Outro diferencial em relação a sistemas lovecraftianos é como o personagem reage ao ganhar conhecimento do Mythos. Um personagem em Realms of Cthulhu que tem um contato com as forças nefastas do Mythos seja lendo um livro, encontrando um monstro ou experimentando um sonho revelador passa a ter um insight a respeito da natureza desses horrores. Isso se manifesta com o ganho da habilidade Conhecimento (Mythos) que ajuda o personagem a juntar os fragmentos do mundo secreto que se abre diante dos seus olhos. Se em outros sistemas Cthulhu Mythos é uma habilidade rara e difícil de ser conquistada, merecida apenas pelos melhores investigadores, aqui a coisa é tratada mais livremente. Alguns jogadores mais tradicionalistas/puristas podem não gostar desse tratamento, mas ele é condizente com a proposta de que os personagens dos jogadores no sistema Savage Worlds são indivíduos acima da média, heróis capazes de enfrentar as mais duras provações físicas, emocionais e mentais.
   
Mas nem tudo é fácil. Aprender os mistérios do Mythos não vem sem um risco. Cada vez que o investigador aprende algo que aumenta seu nível de Conhecimento no Mythos ele recebe um ponto de Corrupção. Esses pontos tem um efeito imediato sobre sua sanidade e pode fazer com que o investigador termine a sua carreira em um asilo gritando sem parar.

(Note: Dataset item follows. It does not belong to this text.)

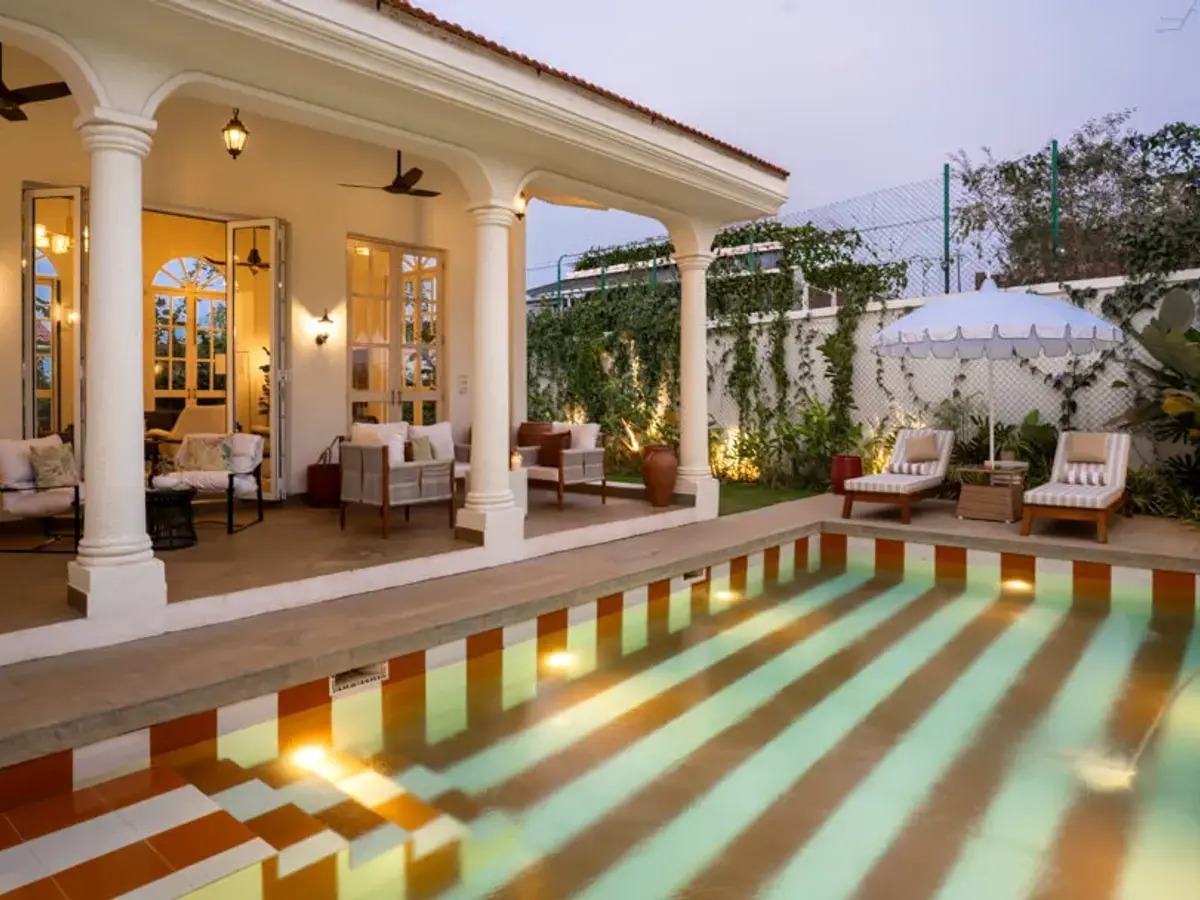 Evening Pool View | Mila Villa 6, Goa by Lohono Stays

Para os keeperes que preferem uma aproximação mais tradicional, Realms of Cthulhu oferece ferramentas para tornar o jogo mais visceral. É mais ou menos a mesma proposta do Rastro de Cthulhu, onde o mestre pode definir o tom do cenário escolhendo entre Pulp e Purista, aqui chamado de Pulpy e Gritty. A opção Pulpy é essencialmente o sistema Savage Worlds sem muitas mudanças permitindo aos personagens agir como verdadeiros heróis. Gritty se refere a um tom bem mais pessimista, perigoso e difícil de sobreviver. Realms of Cthulhu expande esses conceitos e abre a possibilidade do keeper definir regras específicas para a sua campanha. Por exemplo: em uma campanha Pulpy, o detetive durão de um jogador pode se meter em uma luta corpo a corpo contra um bando de cultistas, trocar socos e pontapés e emergir com alguns ferimentos menores. Já em uma campanha com inclinação Gritty, se meter em uma briga pode ser mortal deixando o personagem (por mais apto que seja) com ferimentos e sequelas. Da mesma forma, o estilo adotado afeta de forma distinta a sanidade dos personagens. Em um cenário Pulpy, os personagens testemunhando um sacrifício ritual vão rapidamente focar em sua sobrevivência e lutar contra os cultistas que participaram do sacrifício. Na modalidade Gritty, a visão do sacrifício pode deixar os perosnagens tão perturbados e aterrorizados que eles não terão forças para reagir.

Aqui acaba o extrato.